Starting out as the nation's vice president, she rises to become president temporarily, only to subsequently lose the office. The series has earned laughs at the expense of politicians, zeroing in on narcissism, unfettered ambition and an appalling lack of ethics or conscience by its political characters.
Despite all that, Simons admitted, the 2016 election of Donald Trump threw the show for a loop.
"So much of our show historically has us been trying to keep it as realistic as we can, which in the language of the show means that there are consequences for some terrible things you'd say," he explained.
"Then [Trump] comes along and blows up the idea of political gaffes," leading creators to make the show "even more cynical."
Simons explains how Trump affected Veep in the video below.
Simons' character — the hapless Jonah, who was previously elected to Congress to support Selina in a crucial vote, which he then bungled — plays a key role in the current season: he decides to run against her for president.
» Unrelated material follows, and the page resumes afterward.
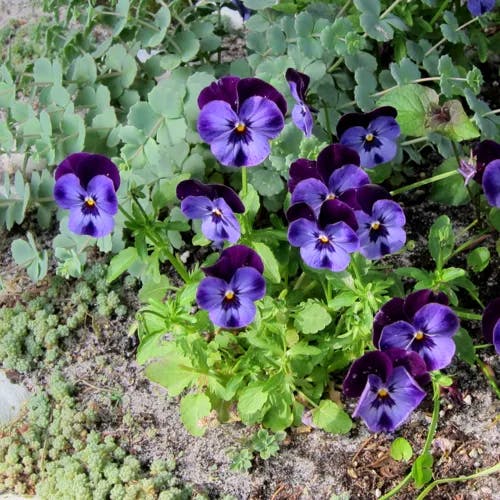 フモトスミレ（麓菫） (Viola sieboldii)-i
"He is one person that wakes up every single day and does not doubt his own ability for a second. Despite all available evidence he really thinks he's going to do a good job," Simons said of Jonah.
The character and Trump have certain qualities in common, the actor noted, including a tendency to say "whatever comes into his mind — however horrible it might be — just to get a political win or just to get a crowd on his side, regardless of the consequences."
Republican senator Ted Cruz, Simons said, served as another inspiration for Jonah, someone who has "no skill and who has failed upward into power."
Life after Veep
"Emotionally, I still have not wrapped my head around [the series ending], but intellectually it makes sense," Simons noted.
Though he appreciates that Veep will conclude on its own terms, with an undisclosed ending the creators found satisfying, Simons said it's hard to give up playing a prominent role on a TV series with such acclaim.
The series, which airs Sundays on Crave in Canada, has won 17 Emmy Awards (including being named outstanding comedy series from 2015 to 2017) among other accolades. Meanwhile, the current season has already garnered a 96 per cent positive rating on film and TV review site Rotten Tomatoes.
While there will be no spin-off series for Jonah Ryan — "It takes a lot of energy to be that dumb" — Simons does have a show of his own in development with HBO: a comedy about assisted suicide.
"I've always been a fan of dark comedies," he said.
"We all find things to be upset about even though the spectre of death is there. We're all gonna die. And I like the fact that we could be focused on petty things even when that's around. And so I think that could be pretty funny."